The basketball court and the classroom, the union hall and the corporate boardroom, the Senate floor and the Presidential campaign trail-these are a few of the settings where I have engaged in that sometimes magical and sometimes unsuccessful process that we call competition.
My initial appreciation of competition developed along with my love of basketball. Through twenty years of high school, college, and pro ball, I learned the core values that have guided my life. I wrote about these in my 1998 book, Values of the Game. While I can no longer play like I once did when the Knicks were winning national championships, I still experience great joy from most of my basketball memories.
After my life in professional sports, I went on to a life in politics and public service. I won a United States Senate seat three times and eventually lost a Presidential campaign. Of course, I much prefer winning to losing, but when I gave my best, I never regretted having competed.
As a Senator, I worked hard for Title IX to make sure girls and women in educational institutions have as many opportunities to benefit from sports competition as guys like me. Sports competition can provide powerful learning opportunities, and knowing how to compete fairly and respectfully, with an eye toward excellence, can enrich our lives. During my 18 years in the Senate and now in my business career, my appreciation for competition broadened as I saw it stir innovations in science, engineering, education, commerce, and communications.
But there is a shadow side to competition as well. In fact, I left the Senate in 1996, deciding not to run for a fourth term, in part because I concluded that American politics had become a form of competition run amuck. Rather than competing over what ideas would serve our country best, we spent far too much of our time contesting over money and producing negative sound bites. The search for truth and the common good was too often sacrificed to political expediency and narrow self-interest.
Competition can bring out our worst, as well as our best. I have seen it on the basketball court and I’ve seen it in the halls of government. David Shields and Brenda Bredemeier, the authors of this book, are keenly aware of both the potentials and pitfalls of competition in all parts of our society.
I first met the book’s authors when I was the guest speaker at a banquet sponsored by the Mendelson Center for Sports, Character, and Community at the University of Notre Dame. They were the founders and co-directors of the center and were widely regarded as leading scholars in the field of sport psychology, particularly as it relates to character development.

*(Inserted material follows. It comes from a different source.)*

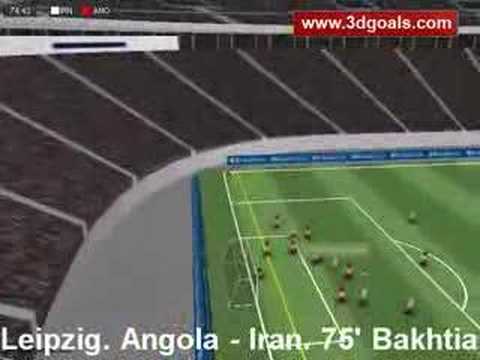 World Cup 2006, Germany, Angola vs Iran, video goal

This book is an extension of that work and it is a pleasure for me to write its forward.
True Competition is a powerful book. The authors clearly separate competition from a destructive look-alike, which they call decompetition, as well as its qualities and causes. By separating the concepts of true competition from decompetition, they present a compelling explanation that helps to clarify when and why contests result in bad outcomes, rather than good.
But David and Brenda don’t just offer analyses. They also offer solutions. They structure the major portion of the book as a kind of field guide that features "distinguishing marks" of true competition and decompetition, identifies threats to competition, and presents leadership strategies to promote the best that competition has to offer. They root their interpretation in the facts of real life.
I have known the upsides and the downsides of competition, and I appreciate True Competition because it has helped me gain deeper insight into my own experiences. More importantly, I feel better equipped to create and sustain the most positive and productive forms of competition in ways that benefit everyone-my family, my work associates, our country, and our world. I want as many as possible to benefit from competitive experiences that fuel excellence and the kind of lasting enjoyment and satisfaction that I have found.
I hope that, like me, you find this thought-provoking book both enjoyable and useful. It is one of the few books that is equally suited for both scholars and practitioners, and for those who work with children and those who work with professionals. Whatever your position or vocation, it can help you turn competition into a positive force. Whether you are a coach or an athlete, an educator or a parent, a businessperson or a politician, or just a curious reader, True Competition can help you and those you work with rise to new levels of excellence and enjoyment.